IF President Clinton is having trouble winning support for proposed social and economic change at home, he is finding it equally difficult to force such change on America's major trading partners abroad.
During his first 100 days as chief executive, Mr. Clinton moved quickly against unfair Asian, European, and Canadian traders by slapping them with sanctions. He talks of even more punitive measures ahead.
But bogged down by their own economic problems, other industrialized nations are less inclined to give in to Washington's demands that they open their markets and purchase more United States goods and services.
A senior White House official says Clinton has embarked on a results-oriented trade policy, because "accepting the status quo is dangerous." Clinton, he says, knows that the nation's ability to compete overseas is hampered by home-grown problems, such as a low level of investment and a work force in need of costly retraining. But much of America's $86 billion-plus trade deficit stems from unfair market conditions, the official says.
Clinton admonished Japanese Prime Minister Kiichi Miyazawa during his mid-April visit here to help correct his country's increasing trade surplus. But Japanese trade officials balked at US targets for Japanese purchases of US exports as "managed trade."
European Community trade negotiator Sir Leon Brittan accuses the Clinton administration of "bullying." In Washington last week on the heels of Mr. Miyazawa's visit, Sir Leon cautioned the last superpower that "keeping an army of unilateral trade instruments with an extra-territorial reach ... risks leading us into dangerous positions."
Many US lawmakers, including Sen.

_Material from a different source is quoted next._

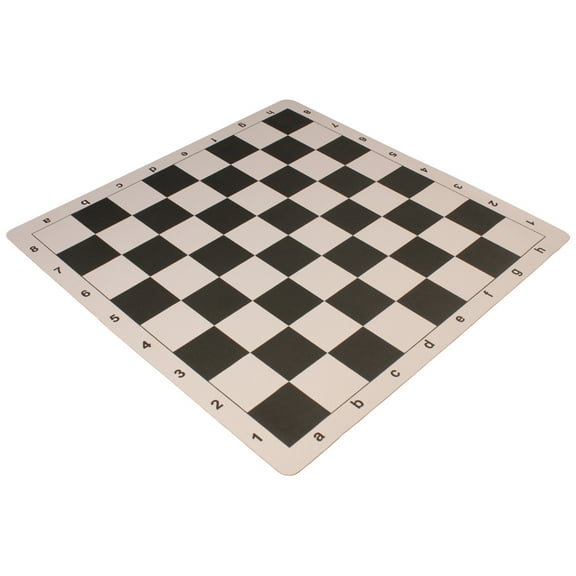 The Chess Store Floppy Chess Board Black & Ivory Squares with Alpha-Numeric Notation -  2.25" Squares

Max Baucus (D) of Montana, chairman of the Senate Finance international trade subcommittee, are anxious to wield those instruments. Mr. Baucus is cheered by a new US trade policy that, he says, is responding to "a whole different post-cold-war era," in which nations are focused on their own domestic economic needs.
"The administration is not ideological, free trade, or protectionist. It will tend to stand up for US rights far more than previous administrations," Baucus says. For example, he points to the recent Clinton-Miyazawa meeting. "Clinton didn't sugar coat the [$49 billion] US trade deficit with Japan or mouth foreign policy niceties. He did stress our differences."
Baucus says he has White House support for legislative measures that punish recalcitrant trade partners for continued abuses. He blasts critics: "Our American trade opening laws are not protectionist, not market closing. If we wanted to be protectionist we could enact tariffs and put up other barriers."
But a former Bush administration official who now brokers export deals for US manufacturers says "everything we can do as a `remedy' makes things worse," because "sanctions represent a reduction in trade freeness." He accuses US Trade Representative Mickey Kantor of having a "a trial lawyer's combative attitude" and says that tougher trade measures will not further US interests.
US trading partners agree. "Does Mr. Baucus really think that in a world competing for international markets that people will just sit back and submit to such muscle trade diplomacy?" snaps European parliamentarian James Elles. "Others will start arming themselves with the same weaponry."
Mr. Elles is anxious to see "how far an administration that is committed to free trade will go with such potentially protectionist instruments."
Some trade watchers fault the administration for not forging ahead with a long-term trade strategy. Instead, they say, actions so far suggest that policy is engineered for the short-term.
"Will the measures we've taken in the last three months make things easier for us or close off our options?" asks Alan Tonelson, director of research at the Washington-based Economic Strategy Institute. "In this world of consolidating trade blocs, does the US want to antagonize Europe? How Asia-centric do we want Japan to be and how do we divert it or capitalize on it? I don't see people in the administration asking questions like these."
In competitiveness terms, Mr. Tonelson says, "our own trading region is the worst."
He adds: "Latin America is full of high-consumption, high-debt, low-wage countries that don't measure up to their Asian or European counterparts and our investment capacity to bring them up to speed is nowhere near sufficient."